Después de pensarlo detenidamente, la comisión de diputados que se encarga de ajustarles las cuentas a los pensionistas ha llegado a la conclusión de que aquí se trabaja poco y se cobra en exceso. Nada que no se pueda remediar. (Casi) todos a una, los congresistas acaban de bajarles el subsidio a los futuros jubilados y, ya metidos en faena, no tardarán en obsequiar con dos años de trabajo más a quienes hasta el momento podían irse a casa a los 65.

Trabajar más años y cobrar menos pensión: tal es la fórmula con la que los padres de la Patria han logrado al fin cuadrar el círculo de la crisis que, con toda evidencia, han provocado los trabajadores. Modestamente, eso sí, ellos han renunciado a predicar con el ejemplo, que es cosa antigua y propia de frailes.

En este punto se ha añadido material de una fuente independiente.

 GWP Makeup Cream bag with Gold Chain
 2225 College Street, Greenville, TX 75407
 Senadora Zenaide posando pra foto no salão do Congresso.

Si un ciudadano del común debe cotizar al menos 35 años para ganarse un módico retiro, a los congresistas y senadores les basta calentar el escaño durante sólo siete y, sin más que ese breve trámite, tienen garantizada la pensión máxima posible. A este premio gordo de la Seguridad Social suman aún otras ventajas inherentes al oficio, como la de tributar a Hacienda por apenas la mitad de su no desdeñable sueldo o la de compaginar el cobro de dos o más prestaciones simultáneas con cargo al Tesoro Público.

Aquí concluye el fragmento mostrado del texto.